Understand and implement laziness with examples in Scala, JavaScript, Swift and Racket

[article index] [] [@mattmight] [+mattmight] [rss]

At first glance, laziness seems to be about efficiency.

In computing, laziness means delaying the computation of a value until the value is necessary.

(And, if the value is never necessary, it is never computed.)

In reality, laziness is more about expressiveness: laziness allows the expression of programs that would otherwise not terminate.

In some languages (like Scala, Swift and Perl), laziness also makes it possible to add new constructs to a language without using macros.

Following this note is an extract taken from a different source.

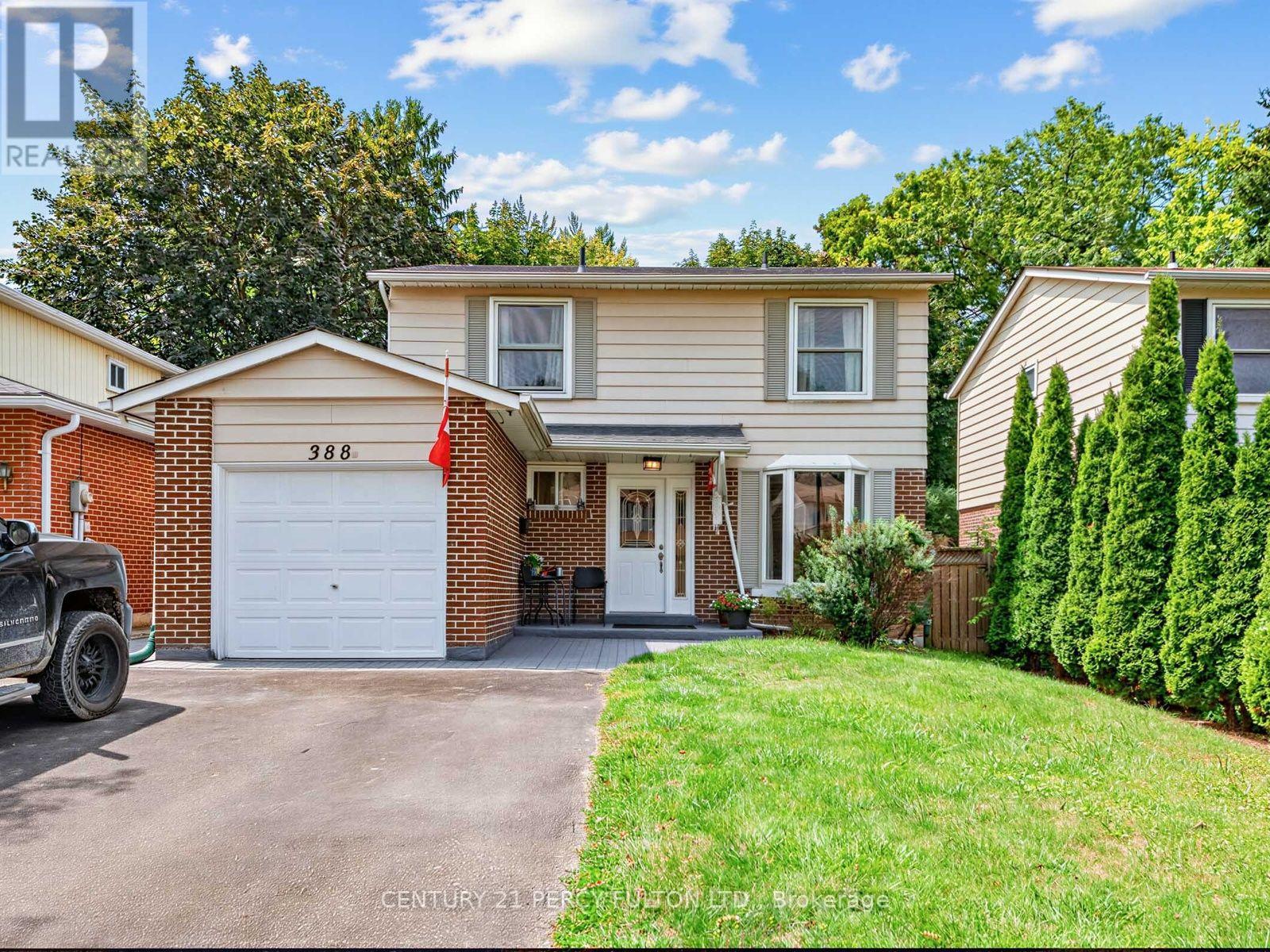 388 HANDLEY CRESCENT - 4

Since most languages do not provide support for laziness, this article explores how to implement laziness in languages that support closures.

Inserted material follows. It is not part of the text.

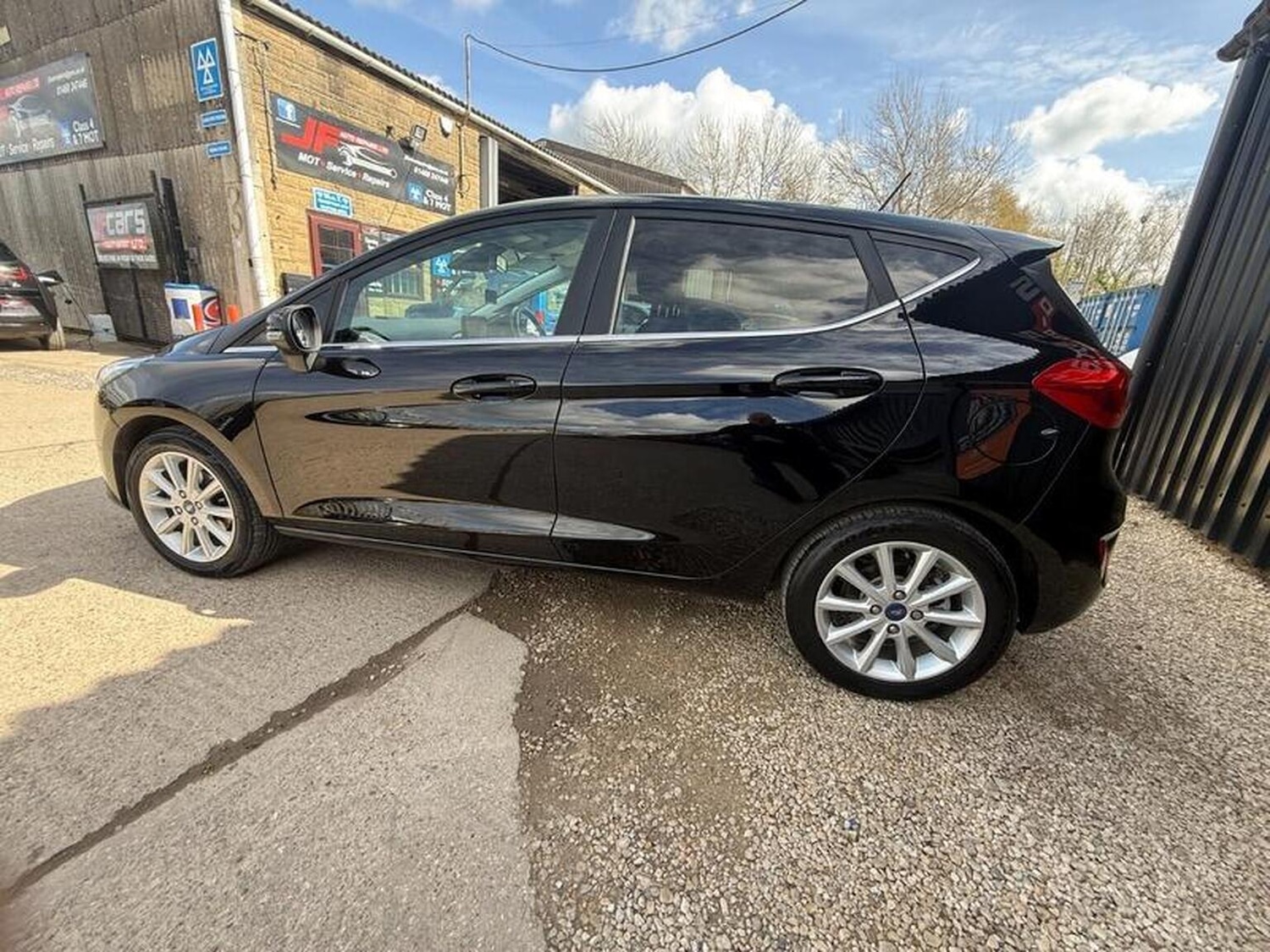 Used Ford Fiesta 2018 for sale - 78018429: Photo 23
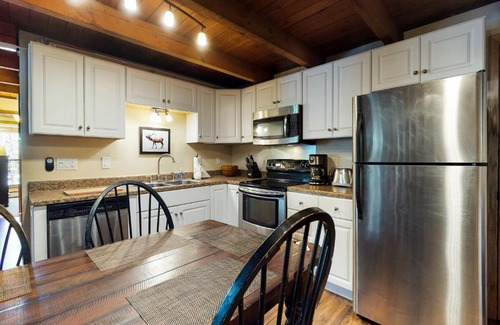 Wildernest Hotel | Inviting Treehaus Lofted: Pool, Hot Tub & Family-Friendly Fun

We’ll look at manual transformations from languages that have native support for laziness (Scala) into (1) languages that do not support laziness (JavaScript) and (2) languages that have partial support (Swift).

We’ll also use macro-generating macros in Racket to implement native and transparent support for multiple kinds of laziness in a strict language.

What is laziness in languages?

Most languages are strict languages: they compute the value of an expression immediately.

Some languages (like Haskell) are lazy: every expression’s evaluation waits for its (first) use.

Other languages (like Scala) are strict by default, but lazy if explicitly specified for given variables or parameters.

As such, Scala (even if you’ve never seen the language), makes it easy to demonstrate the difference.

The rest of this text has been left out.